Another coxib for arthritis? FDA panel says no
■ While physicians grapple with the risks versus benefits of available drugs for the disease, a new trial is progressing that could provide needed information.
By Susan J. Landers — Posted May 7, 2007
Washington -- A federal advisory committee determined that the cardiovascular risks were too great and the benefits too small for the Food and Drug Administration to approve a new pain medication in the "coxib" subset of nonsteroidal anti-inflammatory drugs, or NSAIDS.
On April 12, the FDA's Arthritis Advisory Committee voted 20-1 against recommending that Arcoxia (etoricoxib) be approved by the agency to treat U.S. patients with arthritis. The drug is available in 63 other countries.
"Clearly one of the things we heard come out of their discussion was that the committee had an overall concern about the cardiovascular safety of this drug," said Robert Meyer, MD, MPH, director of the FDA's Office of Drug Evaluation II of the Center for Drug Evaluation and Research.
The worry seemed to spill over to all the coxibs and possibly NSAIDS in general, with the possible exception of naproxen, Dr. Meyer said.
This feeling is not new. Coxibs had long been under a cloud. Two of the three drugs in that group -- Vioxx (rofecoxib) and Bextra (valdecoxib) -- were withdrawn from the market in 2004 and 2005 respectively because they posed increased cardiovascular risks.
The only coxib still on the market is the prescription drug Celebrex (celecoxib), and it carries warnings of heightened heart risks.
With as many as one in five U.S. adults having been told by their physicians that they have arthritis, according to the Centers for Disease Control and Prevention, the need for effective and safe pain medication is great. Physicians are advising a range of strategies -- including physical activity, weight loss and the judicious use of NSAIDS -- to meet that need.

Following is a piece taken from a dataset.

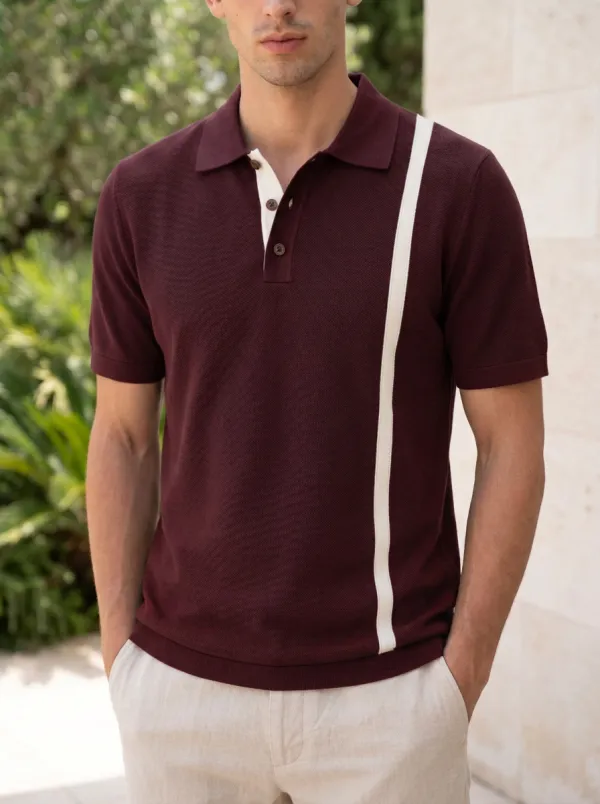 Men's Modern Smart Casual Vertical Stripe Printed Polo Shirt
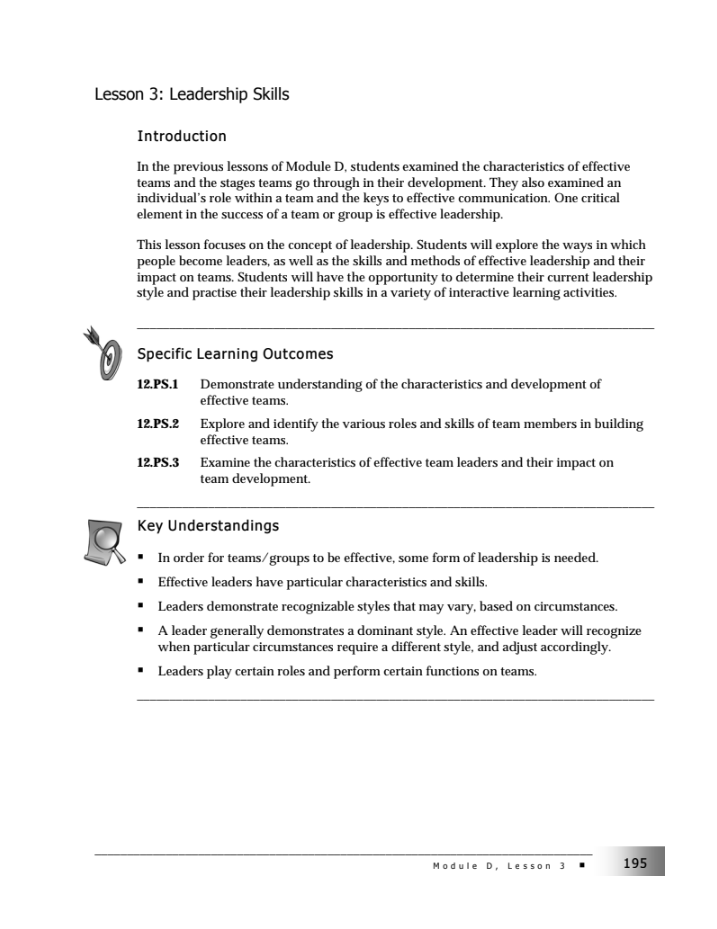 Leadership Skills Lesson Plan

But etoricoxib is not likely to be included among the available choices. "I feel like we got clear advice from the committee both in the discussion and the vote," Dr. Meyer said.
Although the FDA doesn't have to accept the recommendations of its advisers, it generally does.
"We are disappointed in today's outcome," said Peter Kim, PhD, president of Merck Research Laboratories, which developed Arcoxia. "We continue to believe that Arcoxia has the potential to become a valuable treatment option for many Americans suffering from osteoarthritis."
Another message the FDA's Dr. Meyer said he picked up from the committee's discussion was that companies seeking approval for future NSAIDS, including coxib agents, could expect to find a similarly high bar. It's not enough to have another product on the market with the same level of risk and no unique benefit, he said.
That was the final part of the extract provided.